** SUPPLIED ENTRIES **
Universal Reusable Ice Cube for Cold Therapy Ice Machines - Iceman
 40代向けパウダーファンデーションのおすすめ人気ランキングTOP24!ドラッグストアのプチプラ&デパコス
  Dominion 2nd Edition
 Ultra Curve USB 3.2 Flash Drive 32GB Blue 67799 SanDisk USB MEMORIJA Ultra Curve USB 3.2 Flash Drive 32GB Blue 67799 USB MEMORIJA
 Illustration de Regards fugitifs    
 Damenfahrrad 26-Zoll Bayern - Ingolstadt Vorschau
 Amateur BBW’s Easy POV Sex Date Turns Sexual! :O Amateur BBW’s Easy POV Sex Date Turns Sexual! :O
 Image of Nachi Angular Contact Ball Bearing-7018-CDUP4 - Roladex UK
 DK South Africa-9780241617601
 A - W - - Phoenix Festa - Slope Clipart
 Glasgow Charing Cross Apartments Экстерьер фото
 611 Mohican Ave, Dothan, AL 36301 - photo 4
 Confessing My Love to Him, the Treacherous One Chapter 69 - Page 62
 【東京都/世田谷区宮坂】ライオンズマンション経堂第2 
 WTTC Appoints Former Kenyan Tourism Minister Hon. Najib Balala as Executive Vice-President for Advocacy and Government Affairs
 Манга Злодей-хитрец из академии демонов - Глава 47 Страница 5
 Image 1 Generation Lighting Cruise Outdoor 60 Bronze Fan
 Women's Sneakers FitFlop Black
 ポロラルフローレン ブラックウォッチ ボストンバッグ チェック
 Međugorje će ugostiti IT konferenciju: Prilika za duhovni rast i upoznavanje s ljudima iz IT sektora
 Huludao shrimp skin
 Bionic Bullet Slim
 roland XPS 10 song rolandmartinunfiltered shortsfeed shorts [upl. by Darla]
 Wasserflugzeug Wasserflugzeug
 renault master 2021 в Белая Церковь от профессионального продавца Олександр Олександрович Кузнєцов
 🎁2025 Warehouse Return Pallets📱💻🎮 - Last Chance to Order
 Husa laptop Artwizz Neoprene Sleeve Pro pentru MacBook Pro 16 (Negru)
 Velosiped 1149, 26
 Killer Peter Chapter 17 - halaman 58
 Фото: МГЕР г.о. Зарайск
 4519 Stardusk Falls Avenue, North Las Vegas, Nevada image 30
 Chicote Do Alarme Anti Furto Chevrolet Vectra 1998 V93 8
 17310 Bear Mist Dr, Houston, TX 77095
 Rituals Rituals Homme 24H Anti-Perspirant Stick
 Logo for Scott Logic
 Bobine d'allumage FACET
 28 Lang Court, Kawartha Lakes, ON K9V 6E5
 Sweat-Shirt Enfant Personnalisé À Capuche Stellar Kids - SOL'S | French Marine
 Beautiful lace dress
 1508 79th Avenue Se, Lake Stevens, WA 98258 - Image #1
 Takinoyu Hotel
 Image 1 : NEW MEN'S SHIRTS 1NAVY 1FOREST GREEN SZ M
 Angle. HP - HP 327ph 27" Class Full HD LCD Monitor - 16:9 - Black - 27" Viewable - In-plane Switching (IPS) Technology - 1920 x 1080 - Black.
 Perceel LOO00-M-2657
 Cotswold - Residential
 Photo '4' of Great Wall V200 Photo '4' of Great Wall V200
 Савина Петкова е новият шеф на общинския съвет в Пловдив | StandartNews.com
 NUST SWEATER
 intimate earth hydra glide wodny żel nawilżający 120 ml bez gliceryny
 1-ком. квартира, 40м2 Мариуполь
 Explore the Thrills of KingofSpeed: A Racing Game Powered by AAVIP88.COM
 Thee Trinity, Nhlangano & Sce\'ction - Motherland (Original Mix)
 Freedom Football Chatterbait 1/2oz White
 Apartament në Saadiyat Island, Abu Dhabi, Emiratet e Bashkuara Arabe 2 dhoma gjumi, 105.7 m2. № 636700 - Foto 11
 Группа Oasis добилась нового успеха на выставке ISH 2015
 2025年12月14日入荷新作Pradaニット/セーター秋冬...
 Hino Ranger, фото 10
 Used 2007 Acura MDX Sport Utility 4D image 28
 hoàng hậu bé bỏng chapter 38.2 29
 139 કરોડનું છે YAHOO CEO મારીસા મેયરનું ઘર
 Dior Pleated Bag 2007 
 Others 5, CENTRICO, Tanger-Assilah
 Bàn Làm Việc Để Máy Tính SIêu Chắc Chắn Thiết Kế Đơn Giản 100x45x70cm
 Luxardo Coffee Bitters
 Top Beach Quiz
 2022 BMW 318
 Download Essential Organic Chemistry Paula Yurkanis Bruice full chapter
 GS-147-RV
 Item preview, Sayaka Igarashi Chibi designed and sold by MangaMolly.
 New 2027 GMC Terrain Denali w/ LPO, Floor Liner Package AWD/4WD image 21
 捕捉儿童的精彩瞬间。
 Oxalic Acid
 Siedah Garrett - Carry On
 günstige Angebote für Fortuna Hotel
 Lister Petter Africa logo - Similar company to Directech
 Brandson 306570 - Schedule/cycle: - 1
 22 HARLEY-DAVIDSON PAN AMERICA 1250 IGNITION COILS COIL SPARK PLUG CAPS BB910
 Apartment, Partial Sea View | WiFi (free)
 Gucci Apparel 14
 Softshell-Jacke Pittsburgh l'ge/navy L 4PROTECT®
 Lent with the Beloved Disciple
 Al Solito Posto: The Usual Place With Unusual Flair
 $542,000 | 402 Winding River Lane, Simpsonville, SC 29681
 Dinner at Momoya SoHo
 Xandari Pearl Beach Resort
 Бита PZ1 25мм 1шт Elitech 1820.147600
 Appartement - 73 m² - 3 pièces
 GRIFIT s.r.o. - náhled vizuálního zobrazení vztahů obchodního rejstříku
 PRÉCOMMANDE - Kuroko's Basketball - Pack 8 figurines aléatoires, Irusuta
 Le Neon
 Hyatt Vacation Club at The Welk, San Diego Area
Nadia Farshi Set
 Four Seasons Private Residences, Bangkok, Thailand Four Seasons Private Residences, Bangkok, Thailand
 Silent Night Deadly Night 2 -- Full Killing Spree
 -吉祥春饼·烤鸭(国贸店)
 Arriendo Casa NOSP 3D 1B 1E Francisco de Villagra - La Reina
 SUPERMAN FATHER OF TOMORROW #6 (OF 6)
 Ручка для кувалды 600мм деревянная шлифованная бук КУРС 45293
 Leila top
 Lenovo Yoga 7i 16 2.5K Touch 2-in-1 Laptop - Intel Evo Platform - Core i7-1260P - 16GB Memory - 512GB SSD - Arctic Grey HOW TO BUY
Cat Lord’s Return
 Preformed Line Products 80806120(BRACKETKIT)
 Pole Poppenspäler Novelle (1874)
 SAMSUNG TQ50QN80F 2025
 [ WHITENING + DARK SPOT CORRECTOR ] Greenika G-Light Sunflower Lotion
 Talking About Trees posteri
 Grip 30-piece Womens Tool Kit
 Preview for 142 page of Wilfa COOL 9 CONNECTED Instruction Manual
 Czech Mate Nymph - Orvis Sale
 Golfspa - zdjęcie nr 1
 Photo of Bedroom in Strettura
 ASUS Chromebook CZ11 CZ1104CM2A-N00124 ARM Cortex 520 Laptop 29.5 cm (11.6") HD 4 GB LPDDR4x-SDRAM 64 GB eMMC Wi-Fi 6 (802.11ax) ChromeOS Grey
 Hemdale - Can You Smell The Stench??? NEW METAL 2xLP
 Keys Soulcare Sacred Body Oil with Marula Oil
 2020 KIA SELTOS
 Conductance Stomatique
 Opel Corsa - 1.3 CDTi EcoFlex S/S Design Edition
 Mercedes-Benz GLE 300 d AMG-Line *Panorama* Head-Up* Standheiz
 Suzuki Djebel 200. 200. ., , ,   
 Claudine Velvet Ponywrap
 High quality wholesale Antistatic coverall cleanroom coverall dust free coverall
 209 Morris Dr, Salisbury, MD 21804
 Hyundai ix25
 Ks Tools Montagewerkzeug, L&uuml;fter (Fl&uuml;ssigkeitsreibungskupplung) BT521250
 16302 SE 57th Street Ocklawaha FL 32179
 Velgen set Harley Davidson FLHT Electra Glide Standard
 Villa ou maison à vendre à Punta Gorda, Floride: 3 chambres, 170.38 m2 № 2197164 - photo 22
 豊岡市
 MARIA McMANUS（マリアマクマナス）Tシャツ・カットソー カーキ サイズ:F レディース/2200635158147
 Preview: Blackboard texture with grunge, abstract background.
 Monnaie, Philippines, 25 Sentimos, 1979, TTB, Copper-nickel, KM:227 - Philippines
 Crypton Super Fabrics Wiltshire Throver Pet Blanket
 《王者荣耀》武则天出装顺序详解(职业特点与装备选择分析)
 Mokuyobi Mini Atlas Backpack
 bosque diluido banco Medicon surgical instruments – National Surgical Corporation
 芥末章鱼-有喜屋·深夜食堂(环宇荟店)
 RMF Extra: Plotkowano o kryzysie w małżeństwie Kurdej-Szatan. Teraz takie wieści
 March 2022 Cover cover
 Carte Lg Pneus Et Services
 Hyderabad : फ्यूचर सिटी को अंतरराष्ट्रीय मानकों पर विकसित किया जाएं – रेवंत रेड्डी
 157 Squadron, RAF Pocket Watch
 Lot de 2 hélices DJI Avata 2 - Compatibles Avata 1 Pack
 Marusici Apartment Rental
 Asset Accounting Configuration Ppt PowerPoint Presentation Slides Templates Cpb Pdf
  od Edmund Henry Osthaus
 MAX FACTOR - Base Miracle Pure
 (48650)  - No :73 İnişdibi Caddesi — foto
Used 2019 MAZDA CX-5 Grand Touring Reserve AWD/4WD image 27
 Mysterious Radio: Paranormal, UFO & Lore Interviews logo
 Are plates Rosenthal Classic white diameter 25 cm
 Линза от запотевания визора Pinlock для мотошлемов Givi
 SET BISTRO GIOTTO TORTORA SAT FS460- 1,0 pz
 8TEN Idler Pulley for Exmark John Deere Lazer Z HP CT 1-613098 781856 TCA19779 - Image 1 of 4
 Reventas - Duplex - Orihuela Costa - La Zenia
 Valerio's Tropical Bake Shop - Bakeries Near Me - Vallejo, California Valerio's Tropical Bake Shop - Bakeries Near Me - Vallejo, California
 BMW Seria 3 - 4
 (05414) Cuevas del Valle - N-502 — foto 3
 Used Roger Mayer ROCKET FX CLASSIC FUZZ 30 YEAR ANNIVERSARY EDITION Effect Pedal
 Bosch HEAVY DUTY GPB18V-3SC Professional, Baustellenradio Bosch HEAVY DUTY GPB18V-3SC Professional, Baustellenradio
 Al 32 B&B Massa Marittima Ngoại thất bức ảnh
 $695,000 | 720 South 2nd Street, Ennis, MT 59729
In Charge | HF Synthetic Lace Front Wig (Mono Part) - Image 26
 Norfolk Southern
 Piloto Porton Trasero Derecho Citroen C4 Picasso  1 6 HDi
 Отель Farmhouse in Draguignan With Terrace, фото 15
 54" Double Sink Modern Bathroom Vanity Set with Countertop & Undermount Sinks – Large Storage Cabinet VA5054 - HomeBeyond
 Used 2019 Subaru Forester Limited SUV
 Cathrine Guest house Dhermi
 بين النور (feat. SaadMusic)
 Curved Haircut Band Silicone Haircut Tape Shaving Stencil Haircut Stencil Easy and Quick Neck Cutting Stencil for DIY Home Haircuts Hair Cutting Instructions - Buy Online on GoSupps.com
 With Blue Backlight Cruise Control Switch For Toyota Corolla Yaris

** PROMPT **
Using the string "Cruise" as the search term, count the lines of the data above that hold it and report that number alone.

** WRITTEN SOLUTION **
2